テレサ 7

 魔王の呪体が動かす自分の体から、あなたを見ていた。


 あなたが何故、ここに来たのかは分からない。

 でも、光輝の剣を抜き、低い構えをとった時、本気で殺すつもりだと悟った。


 あなたは多分、気が付いていない。

 守りの戦いをするとき、あなたは騎士として戦う。

 でも、殺すための戦いをするときのあなたはまるで獣のよう。這うように低く駆ける姿は、大地を駆ける美しい一匹の獣。


 嬉しかった。

 別に誰に殺されても構わない。でも、この世界でただ一人わたしを想ってくれたあなたの手に掛かるなら、これほど幸せなことはない。

 そうさせないように離れたのに、わざわざ追いかけてきてくれたことは複雑だけど。

 これは、約束の清算なのだろうか。

 黙って出て行ったら打つという約束の。

 わたしはもう、それを口約束だなんて思わない。だけど、約束を破った怒りで殺されるのだったら、少し悲しい。

 きっと違うと、分かっている。

 あなたはわたしが口にできなかった望みを叶えようとしてくれているだけ。


 満身創痍になりながら、わたしの心臓に短剣を突き立てるあなた。

 ああ、あなたと一緒に終われるのなら悪くない。

 きっと、わたしが望める最上の終わりだ。


 でも、短剣の刃が刺さった瞬間に分かった。

 これは、術式だ。

 高度過ぎてすぐには理解しきれないけど、私とあなたの魔力が一つに繋がったのが感覚的に分かる。


 崩れ行くあなた。

 切り落とされた左腕からの失血がひどい。

 このままでは、長くもたない。

 わたしと一緒に死んでくれるならいいけど、わたしを残して死ぬなんて許せない。


 今すぐに、魔王の呪体を抑え込む必要がある。

 抑え込むこと自体は、時間をかければさほど難しいことじゃない。でも、それでは間に合わない。

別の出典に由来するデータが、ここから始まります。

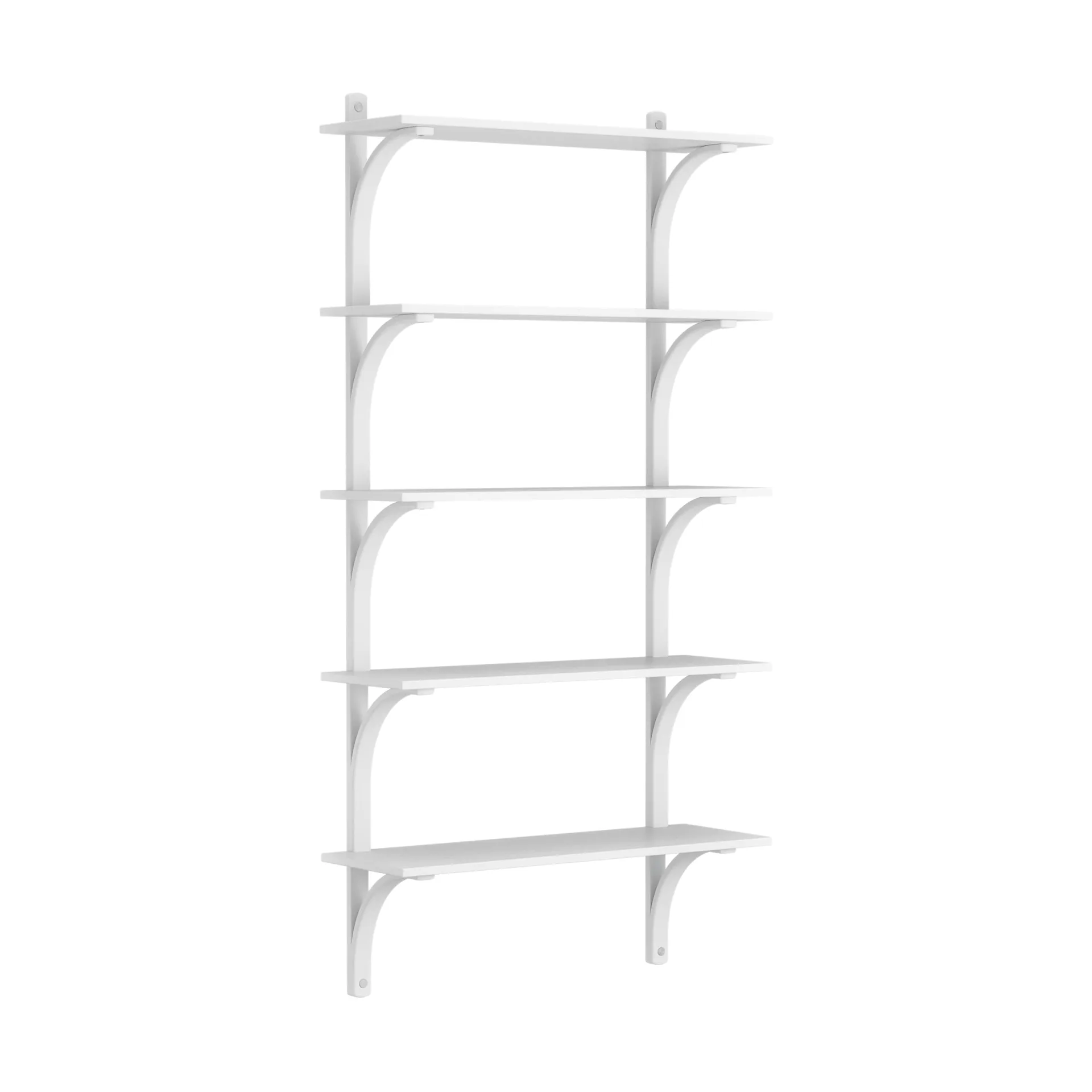 Levi hylla 5 hyllplan, Vitlaserad ask-aluminium, 90 cm Swedese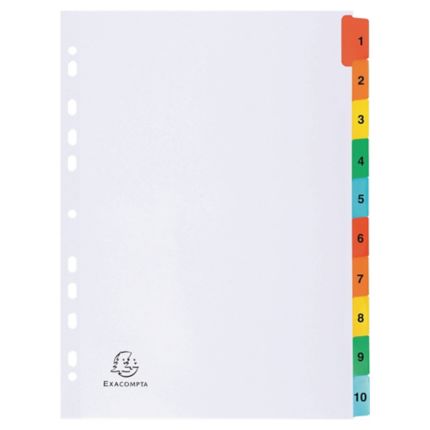 Exacompta White Card Printed A4 Indices, Mylar Tabs 10 Part (1-10) - Discontinued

 わたしの魔力を全て使えば可能だけど、それではあなたを治療できない。


 わたしは馬鹿だ。

 何で、何で今まで黙って見ていた。

 あなたを見た瞬間に、魔王の呪体を抑え込んでおけば、こんなことにはならなかった。

 悲劇の主人公にでもなったつもりだったの。


 だめ。どうしよう。あなたが死んでしまう。 


 そこで、わたしは気が付いた。


 今、わたしに繋がっている、莫大な魔力がある。

 わたしは、あなたの魔力を自由に使うことができる。

 この魔力があれば、魔王の呪体を無理矢理抑え込んでも、あなたを治すだけの余力がある。


 そう気が付いた瞬間には、わたしは魔王の呪体を支配下におき、体の自由を取り戻していた。

 自分の魔力の下に魔王の呪体とあなたの魔力が統合され、一つの巨大な魔力をもった生き物へと変質する。

 人間の体と言う器をもっただけの、魔女と言う別の生き物。

 それを悲しいとは思わない。

 人間になり切れなかった自分が、本当に人間以外の何かになってしまっただけ。


「ソフィ!」


 無我夢中で、自分が何を叫んだかも分からなかった。


◇◇◇


 治療を終えたわたしは、膝の上に乗せたあなたの頭を撫でながら、目覚めを待つ。

 目覚めたあなたに言うことを考える。

 言いたいことが多すぎて、待つ時間がまったく苦にならない。


 あなたと別れたのは昨夜のことなのに、もう長いこと会っていない気がする。

 そう。もう、会うことなんてないと思っていたのに。


 ここにあなたがいると言うことは、本当に全てを捨ててきたのだろう。二十年近い人生で積み上げてきたものを、たった一晩で捨てる決断をするなんて。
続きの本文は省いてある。